28 Ekim 1707’de yine Japonya Nankaido’da meydana gelen 8,4 büyüklüğündeki depremin Kyushyu, Şikoku ve Honshin kıyılarını etkilediği ve dalgaların 25 metreye kadar yükseldiği belirtiliyor. Tsunaminin etkilediği bölgede çok sayıda yerleşim yerinin hasar gördüğü ve yaklaşık 30 bin can kaybının yaşandığı kayıtlara geçti.
1 Kasım 1755’te Portekiz’in başkenti Lizbon’da meydana gelen 8,5 büyüklüğündeki deprem sonrası oluşan 30 metre yüksekliğindeki dalgalar, Portekiz ve Güney İspanya’nın batı kıyısındaki birçok şehri ve Fas’ı ciddi bir şekilde etkiledi. Deprem ve tsunami sonrası Portekiz, Fas ve İspanya’da yaklaşık 6 bin kişi hayatını kaybetti.
24 Nisan 1771’de Japonya’nın Ryukyu Adaları’nda gerçekleşen 7,4 büyüklüğündeki depremin bölgedeki birçok adayı etkilediği, 85 metre yüksekliğindeki dalgaların en büyük zararı Ishigaki Adası’na verdiği belirtiliyor. Bu felakette yaklaşık 12 bin kişinin öldüğü ifade ediliyor.

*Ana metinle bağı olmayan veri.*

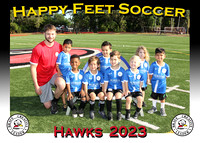 Happy Feet Carrollwood March 2023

13 Ağustos 1868’de Şili’nin kuzeyinde 8,5 büyüklüğündeki depremden sonra oluşan ve dalga boyu 21 metre olduğu tahmin edilen tsunaminin ise 3 gün sürdüğü ve yaklaşık 25 bin kişinin ölümüne neden olduğu kayıtlara yansıdı.
27 Ağustos 1883’te Endonezya’da Krakatau Kaldera volkanının patlaması sonucu meydana gelen tsunami, Anjer ve Merak kasabalarını yıktı. Tsunami sonucu 38 bin, volkanik patlama sonucu ise 2 bin kişi olmak üzere toplam 40 bin insanın hayatını kaybettiği açıklandı.
15 Haziran 1896’de Japonya’nın Sanriku bölgesinde 7,6 olarak tahmin edilen deprem ve ardından gerçekleşen tsunaminin 11 binden fazla evi yıktığı 22 bin kişinin de ölümüne neden olduğu belirtiliyor. 38 metre yükselen dalgaların ayrıca Çin’in doğu kıyılarını etkilediği ve 4 bin kişinin ölümüne neden olduğu raporlarda yer aldı.
26 Aralık 2004’te Endonezya’nın Sumatra kıyılarında 9,1 büyüklüğündeki deprem sonrası tsunami felaketi yaşandı. 30 kilometre derinlikte meydana geldiği tahmin edilen deprem sonrası oluşan 50 metre yükseklikteki dalgalar Meubolah, Sumatra’da 5 kilometre içeriye kadar ilerledi. Olayda yaklaşık 230 bin kişi hayatını kaybetti.
11 Mart 2011’de Japonya’nın Kuzey Pasifik kıyısında meydana gelen tsunami 18 binden fazla insanın hayatını kaybetmesine neden oldu. Japonya’nın doğu kıyısında oluşan 10 metre yüksekliğindeki dalgalar, 452 bin kişinin geçici barınaklara taşınmasına neden oldu.